Seeing the Landscape
Partners
Penwith Landscape Partnership with the support of external contractors Mayes Creative and Sue Kinley
Outputs
Promoting and encouraging the interpretation and appreciation of the Penwith landscape through arts and culture
Description
Gweles an Tirwedh or Seeing the Landscape worked with Penwith communities to celebrate its cultural identity; and to record and celebrate the Penwith landscape through art and creativity. Penwith has a unique fusion of language, heritage and landscape which has inspired artists and writers for hundreds of years. Today the landscape is still an inspiration to many, and numerous community events and festivals have strong connections with Penwith’s distinctive social and cultural history.
As well as supporting PLP participation in external events such as the Penwith Green Fair and St Buryan Rally; Seeing the Landscape funded a number of workshops led by local artists focused around different areas of the Penwith landscape, supported local schoolchildren in sharing the landscape through their eyes, ran competitions and events where those inspired by Penwith could share their work, and participated in exhibition to share and celebrate Penwith through creativity.
Specific outputs included:
- Working with children from Mousehole School and volunteer Lynne Jones to support a visit to Sancreed Beacon, allowing the children to photograph what they like on the site.
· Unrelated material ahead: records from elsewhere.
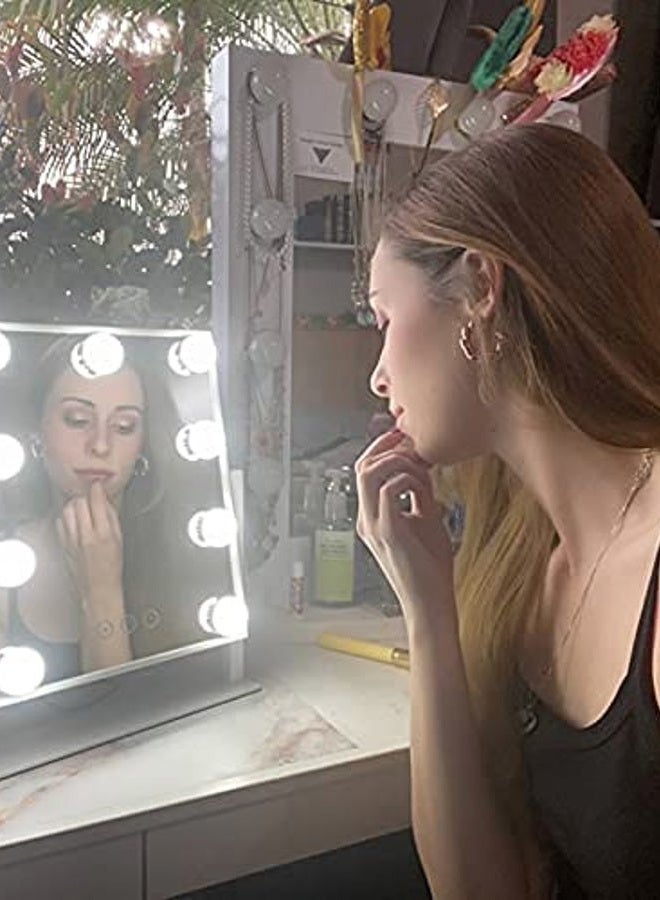 NUSVAN Vanity Mirror with Lights, Makeup Mirror with Lights,3 Color Lighting Modes Detachable 10X Magnification Mirror Touch Control,360°Rotation, White.  - Image 5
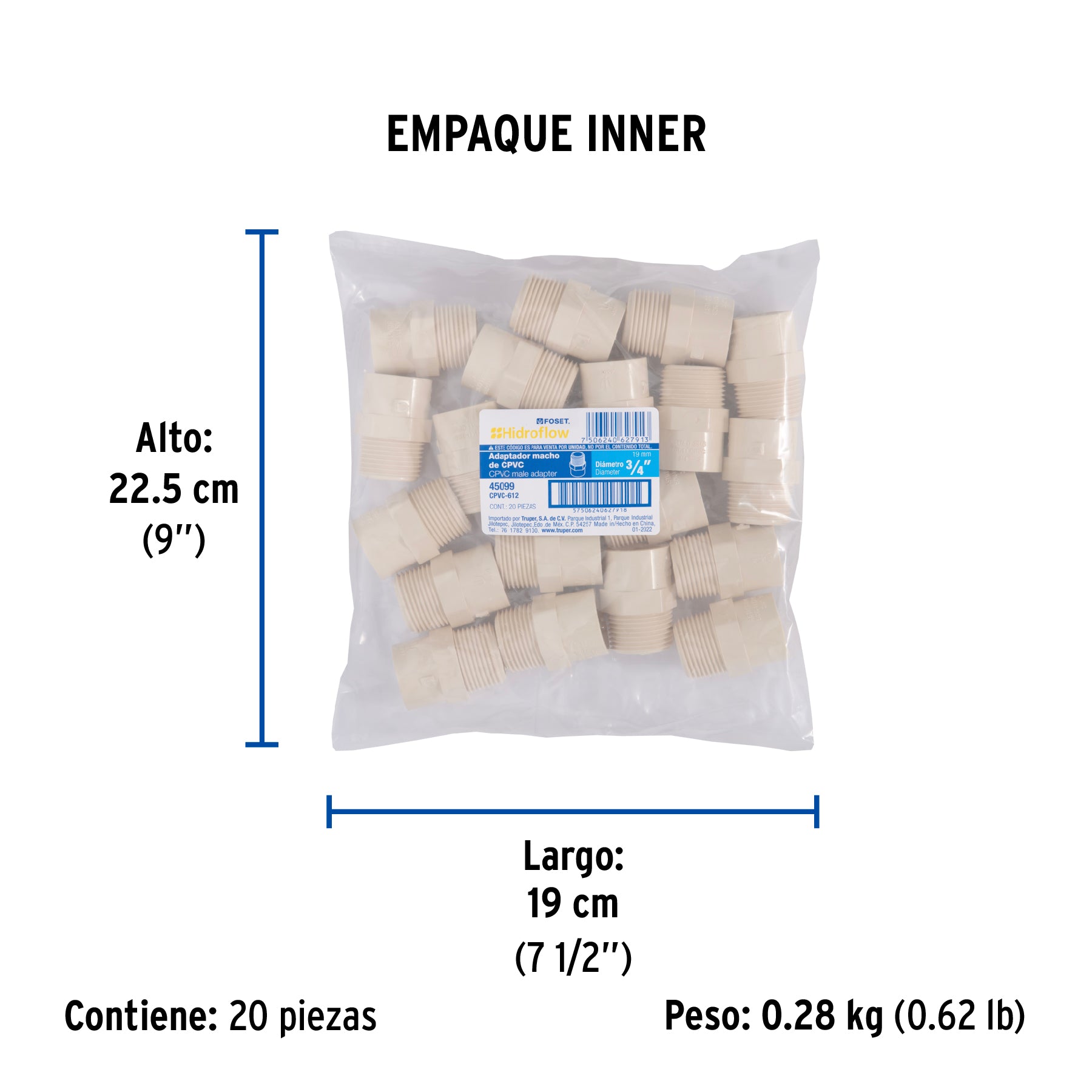 Conector macho de CPVC 3/4", FOSET - Empaque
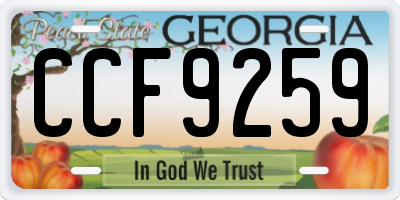 GA license plate CCF9259
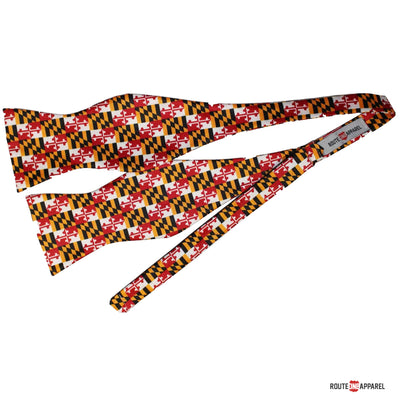 Bowtie with Maryland flag small print pattern on a white background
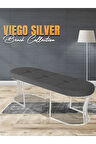 Viego Silver Exclusive Bench Lüks Metal Gümüş Ayak, Chester Model Yatak Ucu Gri Puf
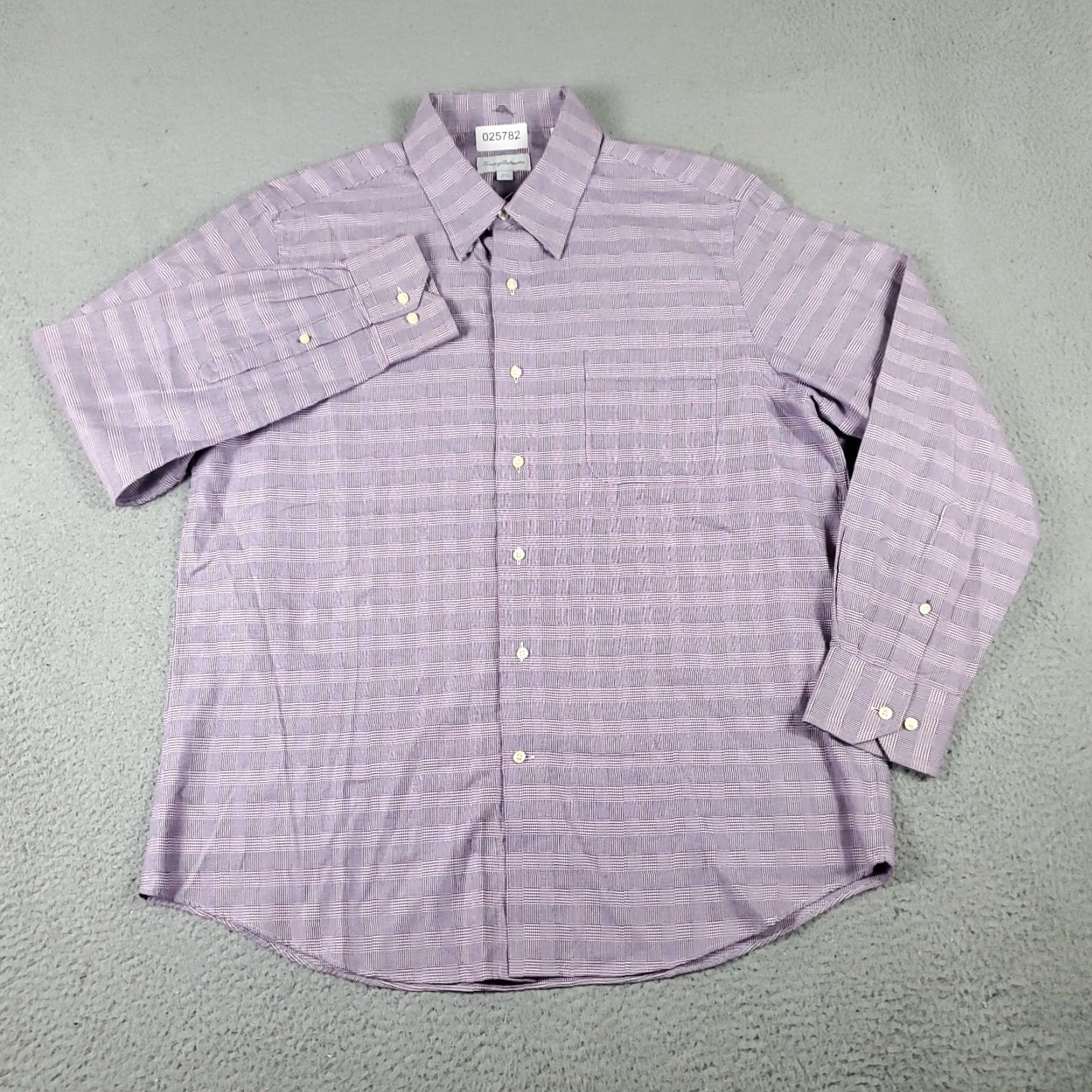 Tommy Bahama Tommy Bahama Dress Shirt Mens 16.5 Purple Plaid Long Sleeve Button Up Casual Workwear Size 42R - 2 Thumbnail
Subsequently the children chose their favourite images and shared these, and messages to politicians, in an exhibition in the Solomon Browne Hall in Mousehole. Learn more about this work and view the children's images here.
- Family art workshops led by Sue Kinley that allowed local expert artists and beginners alike explore aspects of the Penwith landscape through creativity.
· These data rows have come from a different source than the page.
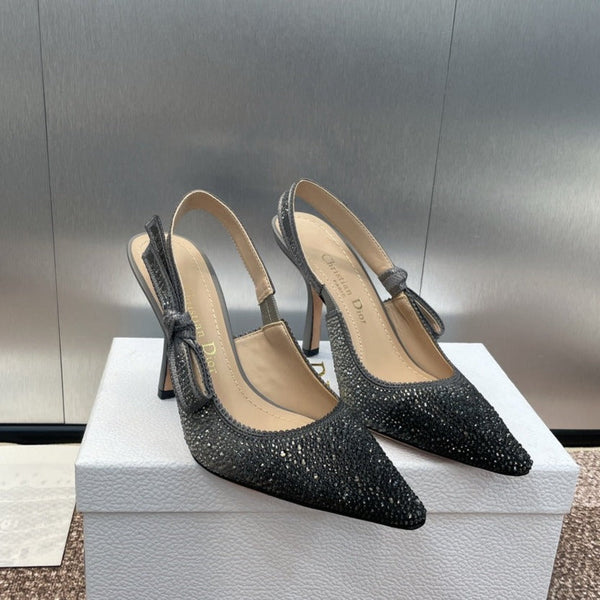 cd slingback pump 95 opaque black calfskin resin pearl
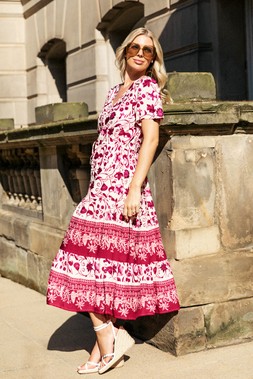 Roman Petite Pink Floral Midi Dress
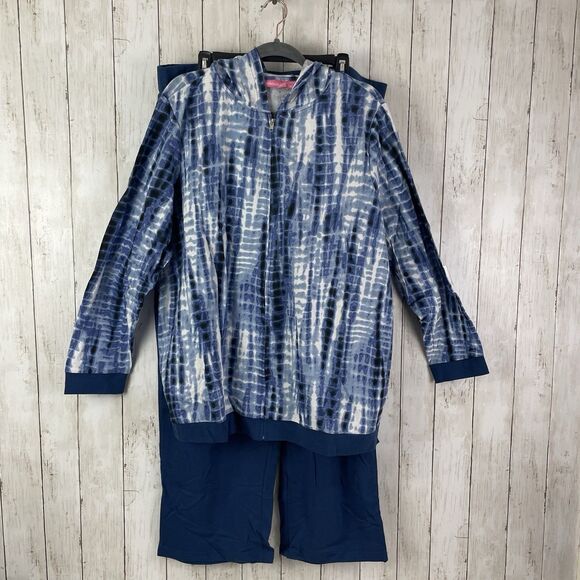 Woman Within 2pc Outfit 1X Full Zip Jacket W/ Pull On Pants Athleisure B… - Picture 1 of 16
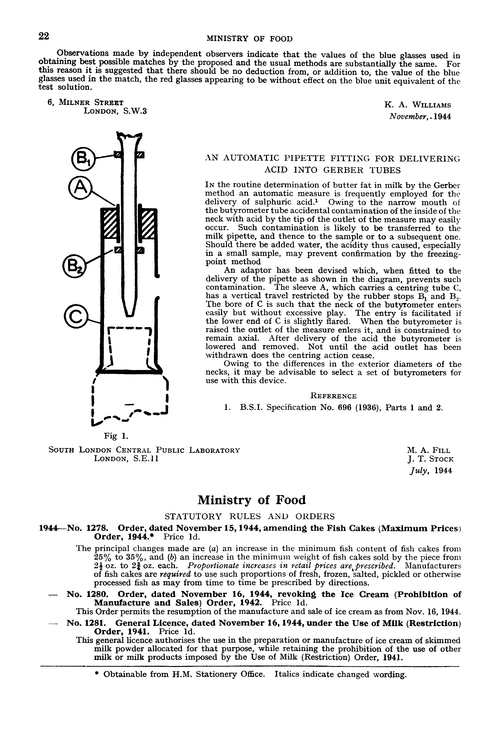 Ministry of Food.—statutory rules and orders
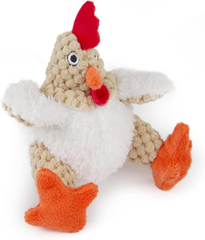 goDog Checkers Just For Me Fat Rooster Squeaky Plush Dog Toy, Chew Guard Technology - White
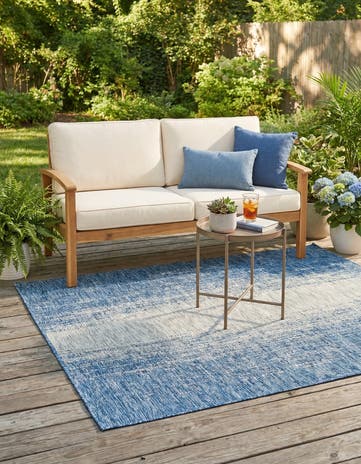 Blue Easy-Clean Modern Indoor / Outdoor Rug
- Walks in the Penwith landscape for local artists led by Mayes Creative, culminating in an exhibition of their work as a result in Sancreed.
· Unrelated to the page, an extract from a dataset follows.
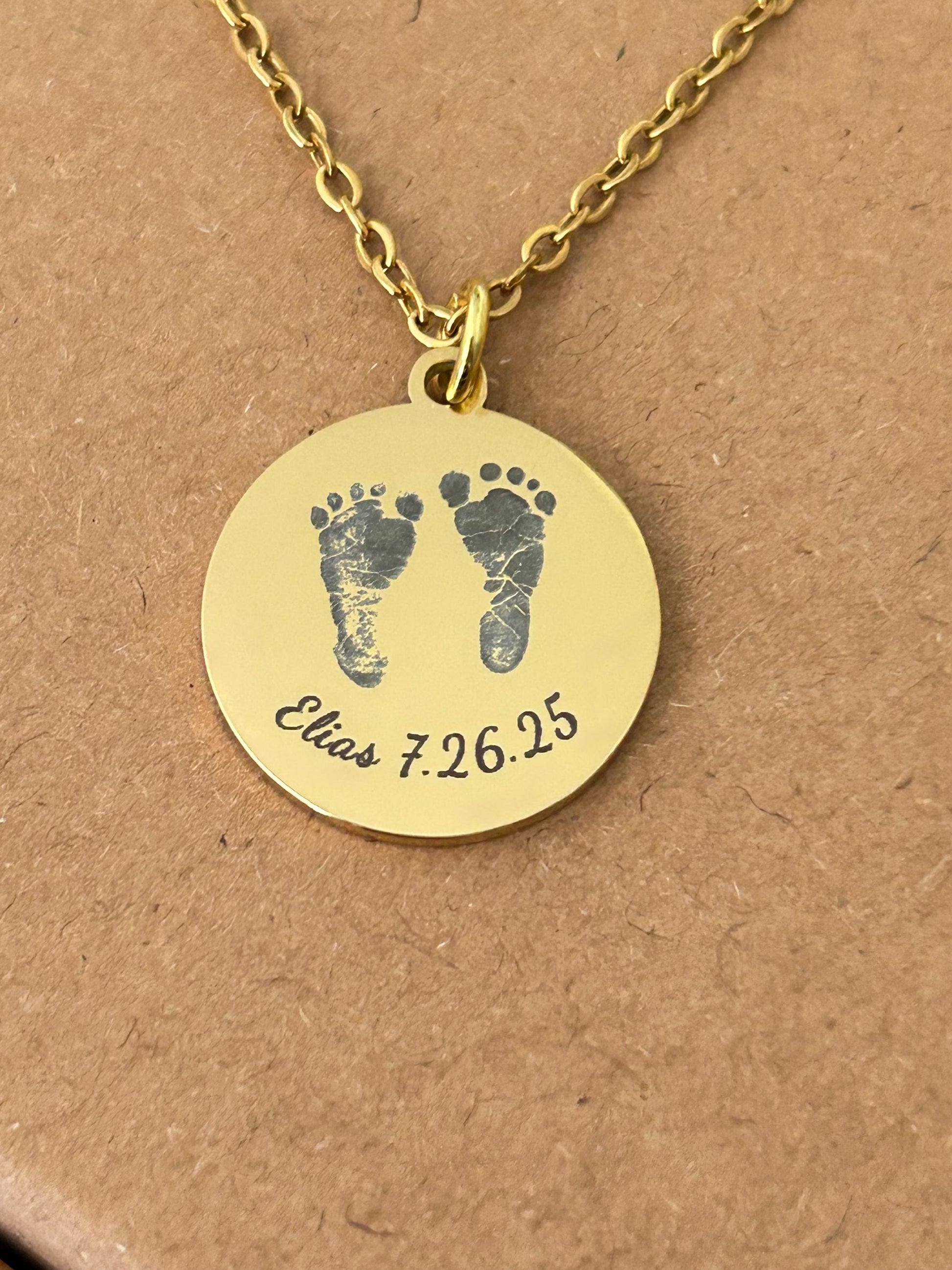 Personalized Baby Footprint Necklace with name and bible verse Gift for New Mom Baby Shower Custom Newborn Gift Baby Keepsake Jewelry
- Competitions based around Penwith's Outstanding dark skies, Cornish Hedges, and the Tinners' Way Ancient trackway.
- Our Seeing the Landscape: Perspectives of Penwith exhibition held in the Miner's Chapel in St Just during August 2022. This showcased art from all areas of the project, including the work of artists Amanda Richardson and Sara Bevan as a result of a commission to creatively record a Year of a Cornish Hedge. The exhibition was visited by over 800 people.
This project was led by our Digital and Communications Officer with activities in the project managed by external contractors Mayes Creative and Sue Kinley.